GAINESVILLE — When federal investigators working the Michael Vick dogfighting case needed someone to dig up and analyze the remains of eight pit bulls buried on the football star's Virginia property, they summoned Melinda Merck.
The nation's top forensic veterinarian, Merck was one of the few specialists trained in processing crime scenes involving animals. Her job at the American Society for the Prevention of Cruelty to Animals involves helping prosecutors build court cases, and she saw there weren't nearly enough vets and other professionals with those skills.
The 46-year-old Merck is trying to change that, co-founding a first-of-its-kind veterinary forensic science training program at the University of Florida. She and scientists from the university's renowned human forensics lab are sharing their expertise with animal-cruelty investigators, police and veterinarians who come from around the world.

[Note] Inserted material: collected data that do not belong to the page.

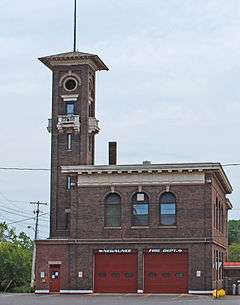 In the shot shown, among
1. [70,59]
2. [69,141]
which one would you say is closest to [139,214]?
[69,141]

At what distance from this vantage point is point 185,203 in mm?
55281

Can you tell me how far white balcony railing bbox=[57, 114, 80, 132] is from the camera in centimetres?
6431

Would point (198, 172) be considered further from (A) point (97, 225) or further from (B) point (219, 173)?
(A) point (97, 225)

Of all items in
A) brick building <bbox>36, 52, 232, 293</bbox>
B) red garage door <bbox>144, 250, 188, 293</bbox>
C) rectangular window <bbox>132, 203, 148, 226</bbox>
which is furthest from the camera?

In a nod to the popular TV shows, it's already being called "Animal CSI."
Demand for forensic veterinarians has been growing as many states have toughened their animal cruelty laws. Law enforcement agencies nationwide say that those who abuse animals are likely to eventually commit crimes against people.
Seminars teach participants crime-scene processing and the preservation of evidence. A partnership between the ASPCA and the university's William R. Maples Center for Forensic Medicine, the program has already trained around 200 people.
The idea for the program began with maggots.
That's the way Merck and Jason Byrd tell it. Byrd is a forensic entomologist, or insect expert, at the university who has traveled the world helping CSI types discern clues from the life cycles of insects found on decomposing bodies.
Merck, then a private veterinarian in Atlanta, sought out Byrd in 2003 to analyze maggots found on some animal remains as she sought to determine a time of death.
Merck eventually joined the ASPCA in Atlanta but continued to turn to Byrd for help. Soon they were organizing workshops for law enforcement at the University of Florida, and the whole thing was galvanized with the first international veterinary forensic sciences conference in May 2008.
In the Vick case, Merck was given the grim task of excavating two mass graves containing the remains of eight dogs. She was asked to determine exactly how the dogs had died. The athlete was convicted in 2007 of conspiracy and running a dogfighting ring and served 18 months in prison.